If secθ + tanθ = p, then find the value of cosecθ.

Solution

$sec \theta + tan \theta = p \longrightarrow (1)$

We know that

$\tt sec^{2} \theta - tan^{2} \theta =1$

$\implies (sec \theta + tan \theta )(sec \theta - tan \theta)=1$

[ Because a² - b² = (a + b)(a - b) ]

$\implies p \times (sec \theta - tan \theta)=1$

$\implies sec \theta - tan \theta= \dfrac{1}{p} \longrightarrow(2)$

Adding (1) & (2)

$\implies sec \theta + tan \theta + (sec \theta - tan \theta) = p + \dfrac{1}{p}$

$\implies sec \theta + tan \theta + sec \theta - tan \theta = \dfrac{ {p}^{2} + 1 }{p}$

$\implies 2sec \theta = \dfrac{ {p}^{2} + 1 }{p}$

$\implies sec \theta = \dfrac{ {p}^{2} + 1 }{2p} \longrightarrow(3)$

Subtracting (2) from (1)

$\implies sec \theta + tan \theta - (sec \theta - tan \theta) = p - \dfrac{1}{p}$

$\implies sec \theta + tan \theta - sec \theta + tan \theta= \dfrac{ {p}^{2} - 1}{p}$

$\implies 2tan \theta= \dfrac{ {p}^{2} - 1}{p}$

$\implies tan \theta= \dfrac{ {p}^{2} - 1}{2p} \longrightarrow(4)$

Dividing (3) by (4)

$\implies sec \theta \div tan \theta = \dfrac{ {p}^{2} + 1 }{2p} \div \dfrac{ {p}^{2} - 1 }{2p}$

$\implies \dfrac{1}{cos \theta} \div \dfrac{sin \theta}{cos \theta} = \dfrac{ {p}^{2} + 1 }{2p} \times \dfrac{2p}{ {p}^{2} - 1}$

[ Because secθ = 1/cosθ and tanθ = sinθ/cosθ ]

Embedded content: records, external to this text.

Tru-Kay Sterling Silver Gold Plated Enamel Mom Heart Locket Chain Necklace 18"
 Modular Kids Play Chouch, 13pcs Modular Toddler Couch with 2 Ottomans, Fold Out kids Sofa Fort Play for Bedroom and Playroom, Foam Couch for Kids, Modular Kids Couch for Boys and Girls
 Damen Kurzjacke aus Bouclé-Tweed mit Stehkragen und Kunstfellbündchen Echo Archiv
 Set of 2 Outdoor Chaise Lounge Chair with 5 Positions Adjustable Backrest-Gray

$\implies \dfrac{1}{cos \theta} \times \dfrac{cos \theta}{sin \theta} = \dfrac{ {p}^{2} + 1 }{ {p}^{2} - 1 }$

$\implies \dfrac{1}{sin \theta} = \dfrac{ {p}^{2} + 1 }{ {p}^{2} - 1 }$

$\implies cosec \theta = \boxed{\dfrac{ {p}^{2} + 1 }{ {p}^{2} - 1 } }$

[ Because 1/sinθ = cosecθ ]

Hence the value of cosecθ is (p² + 1)/(p² - 1).

Answer 2

Given :---

• secA + tanA = p

To Find :---

• cosecA ?

Formula used :---

• sec²A - tan²A = 1
• cotA = 1/tanA
• cosec²A - cot²A = 1
• (a² - b²) = (a+b)(a-b)
• (a²+2ab+b²) = (a+b)²

Solution :-------

secA+tanA = p ---------------------------- Equation (1)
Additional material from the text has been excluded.